Task description:
What you return must be exactly the lines from the one containing "武汉有正规的代孕公司吗 武汉哪个公立三甲医院做试管婴儿的成功率高? ‘四个" through the close of the listing, both included.

BEGIN

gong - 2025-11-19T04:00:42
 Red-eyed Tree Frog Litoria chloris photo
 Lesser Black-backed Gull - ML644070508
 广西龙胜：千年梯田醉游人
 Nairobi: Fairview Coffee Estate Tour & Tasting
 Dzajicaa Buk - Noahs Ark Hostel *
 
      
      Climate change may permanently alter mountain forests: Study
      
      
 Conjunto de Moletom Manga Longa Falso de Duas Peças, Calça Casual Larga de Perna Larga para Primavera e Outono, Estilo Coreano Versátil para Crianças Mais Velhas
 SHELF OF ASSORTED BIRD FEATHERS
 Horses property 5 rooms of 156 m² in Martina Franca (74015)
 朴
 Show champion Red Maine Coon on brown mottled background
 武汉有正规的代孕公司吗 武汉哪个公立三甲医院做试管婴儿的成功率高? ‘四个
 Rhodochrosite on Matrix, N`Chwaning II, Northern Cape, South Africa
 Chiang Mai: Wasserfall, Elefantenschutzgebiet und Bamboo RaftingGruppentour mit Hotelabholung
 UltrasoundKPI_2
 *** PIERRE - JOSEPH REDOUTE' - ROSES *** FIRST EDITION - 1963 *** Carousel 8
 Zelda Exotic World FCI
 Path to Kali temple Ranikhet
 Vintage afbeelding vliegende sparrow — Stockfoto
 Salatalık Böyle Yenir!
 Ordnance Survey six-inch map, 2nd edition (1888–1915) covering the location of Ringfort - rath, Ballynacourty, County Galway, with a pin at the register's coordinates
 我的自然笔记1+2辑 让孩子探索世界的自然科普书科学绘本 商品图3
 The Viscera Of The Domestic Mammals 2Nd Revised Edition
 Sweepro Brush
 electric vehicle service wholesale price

END

Result below:
 武汉有正规的代孕公司吗 武汉哪个公立三甲医院做试管婴儿的成功率高? ‘四个
 Rhodochrosite on Matrix, N`Chwaning II, Northern Cape, South Africa
 Chiang Mai: Wasserfall, Elefantenschutzgebiet und Bamboo RaftingGruppentour mit Hotelabholung
 UltrasoundKPI_2
 *** PIERRE - JOSEPH REDOUTE' - ROSES *** FIRST EDITION - 1963 *** Carousel 8
 Zelda Exotic World FCI
 Path to Kali temple Ranikhet
 Vintage afbeelding vliegende sparrow — Stockfoto
 Salatalık Böyle Yenir!
 Ordnance Survey six-inch map, 2nd edition (1888–1915) covering the location of Ringfort - rath, Ballynacourty, County Galway, with a pin at the register's coordinates
 我的自然笔记1+2辑 让孩子探索世界的自然科普书科学绘本 商品图3
 The Viscera Of The Domestic Mammals 2Nd Revised Edition
 Sweepro Brush
 electric vehicle service wholesale price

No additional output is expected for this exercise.